Not that I know of any particuar reason for me to feel useless, mind. I guess I'm trying to drum up sympathy. You! Sympathize with me! I have little to do at work! I'm forced to spend large amounts of my workday reading and writing email, browsing the web, and playing mindless ascii unix games. Sympathize, dammit!

I'm trying to figure out a decent method of figuring out how best to torment someone in as little time as possible. Ideally, it'd be instinctive. "Oh, that looks like someone who'd be driven up the wall by... my telling him that he looks awfully freebish today. Did he gazoornt it himself?" Less than ideally, I could do it as a computer application on something carryaroundable. "Name: Fred Johanssen. Height: 5'6". Pet peeves: People calling him Rupert." One of the few things that could get me to carry around a palmpilot. At this point, I really need to get to know someone, testing them out with various behaviors, before I can turn them into quivering lumps of jelly inside 10 seconds flat. And they even change over time. Someone I know named Cheri used to turn bright red when I made dirty jokes around her, but it doesn't work any more.

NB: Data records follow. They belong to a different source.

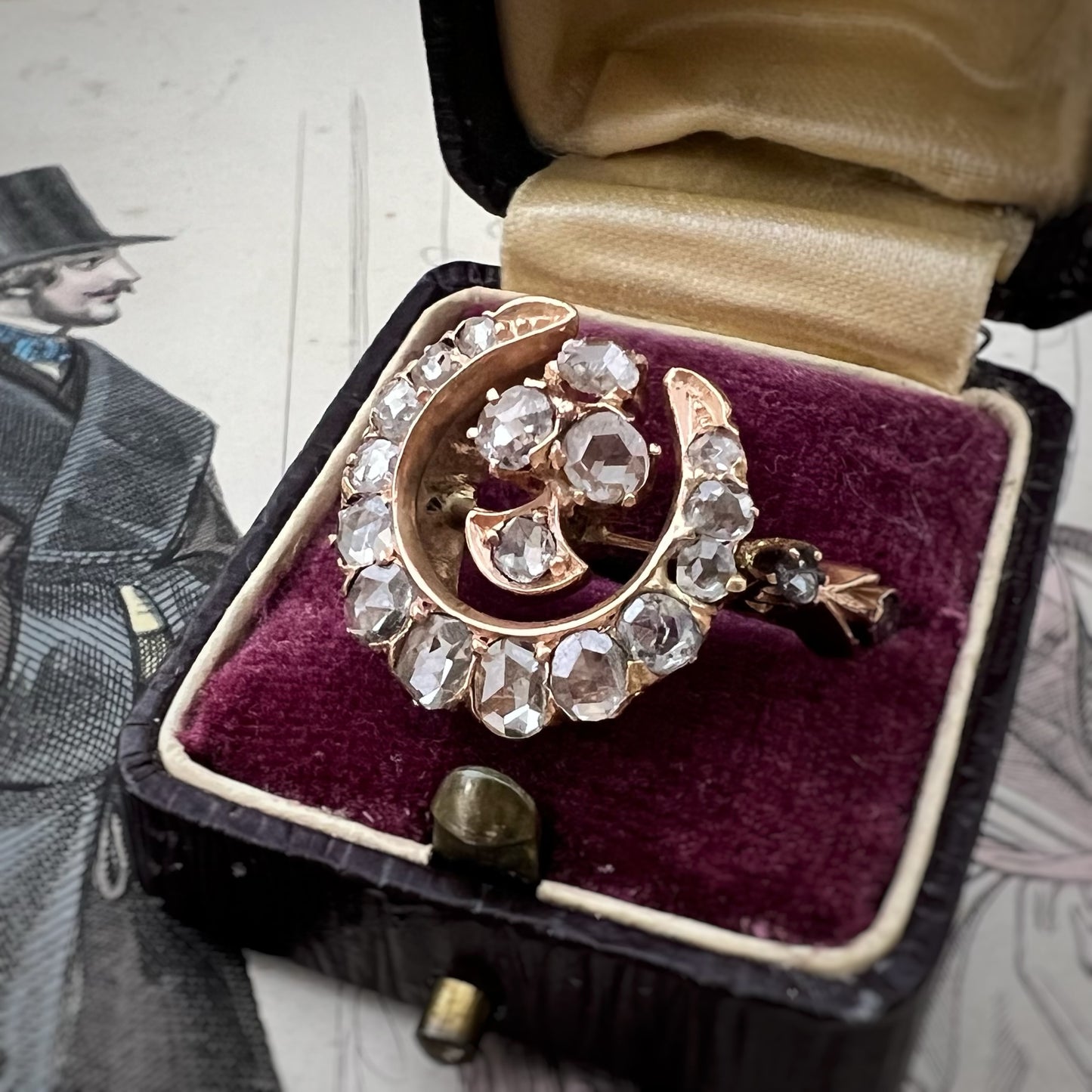 Anello antico in oro 18 kt con luna crescente e trifoglio di diamanti a taglio rosa – eleganza vintage e buon augurio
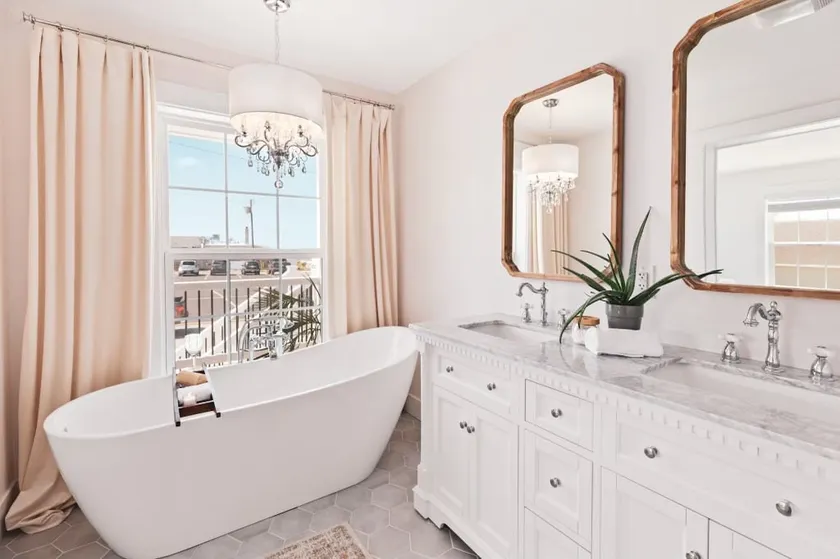 Luxury 5BR Custom Home 200 Feet From The Bay Beach - Image 1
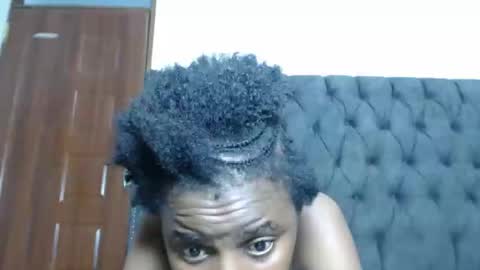 Snapshot of pussie_tightte chatting on 02/19/26, 10:28 pussie_tightte online show from 02/19/26, 10:28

Of course, I don't want to go over the line here. I just want to torment people, not actually make them angry. I want to keep things just below the level where people would feel the need to do something about it. Hmm.

Why don't all of you make it easy for me? Just send me a long list of things I could do to torment you, and I'll remember you when the revolution comes.

Daily report: Had Indian food. Accomplished nothing of redeeming social value. Made plans. Was amused at self and others. Listened to music (Squirrel Nut Zippers, currently). And so on.